Repeat verbatim what the listing holds, but not its pictures.
Provided material Start Marker
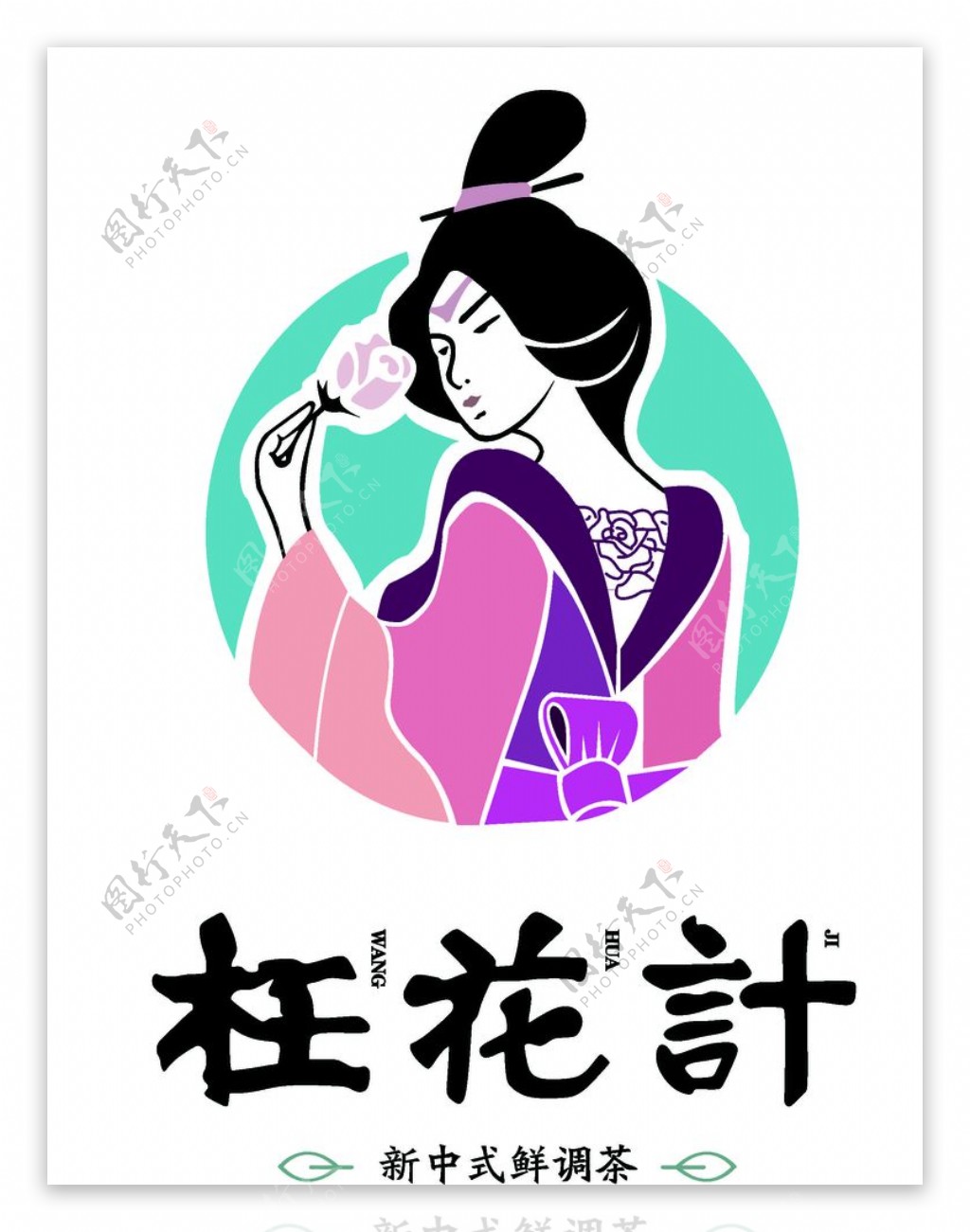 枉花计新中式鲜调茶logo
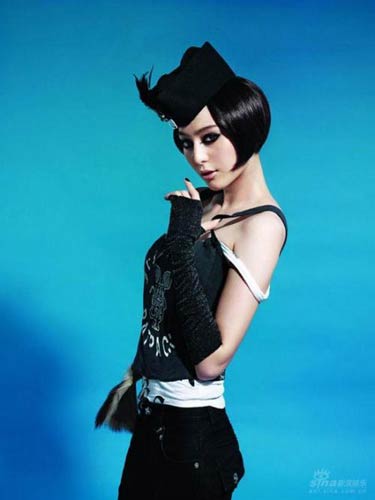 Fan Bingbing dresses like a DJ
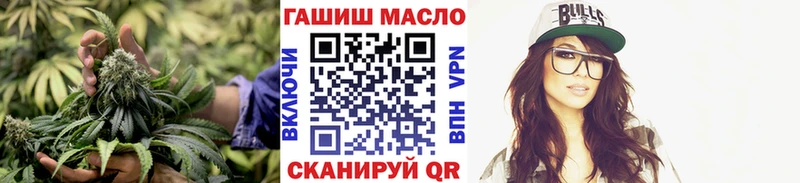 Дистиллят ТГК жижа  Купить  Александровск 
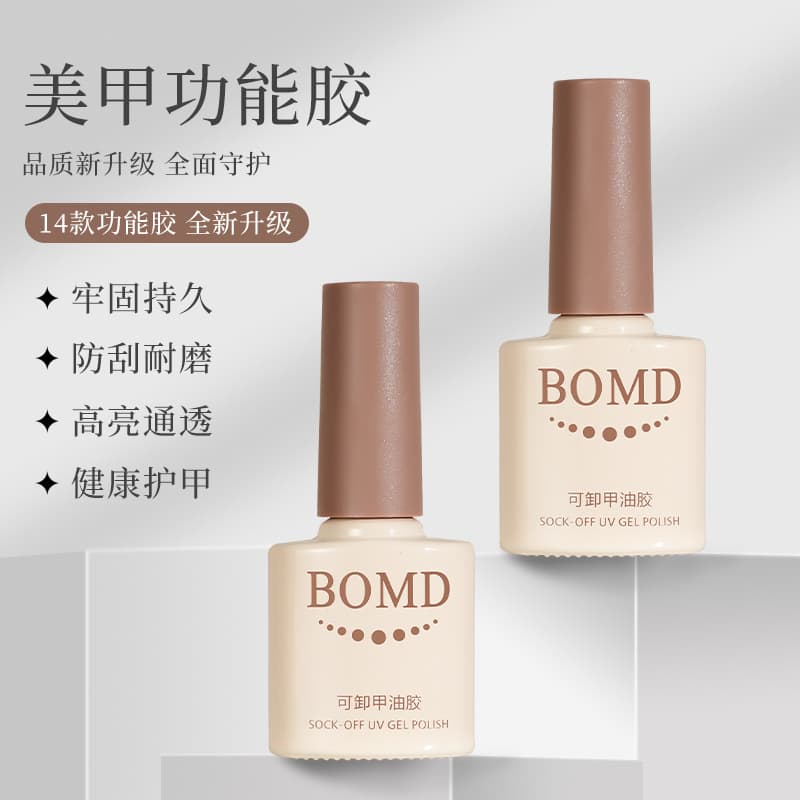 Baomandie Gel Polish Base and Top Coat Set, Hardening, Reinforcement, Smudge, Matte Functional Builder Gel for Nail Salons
Provided material End Marker
-- Output of the exercise --
 枉花计新中式鲜调茶logo
 Fan Bingbing dresses like a DJ
 Дистиллят ТГК жижа  Купить  Александровск 
 Baomandie Gel Polish Base and Top Coat Set, Hardening, Reinforcement, Smudge, Matte Functional Builder Gel for Nail Salons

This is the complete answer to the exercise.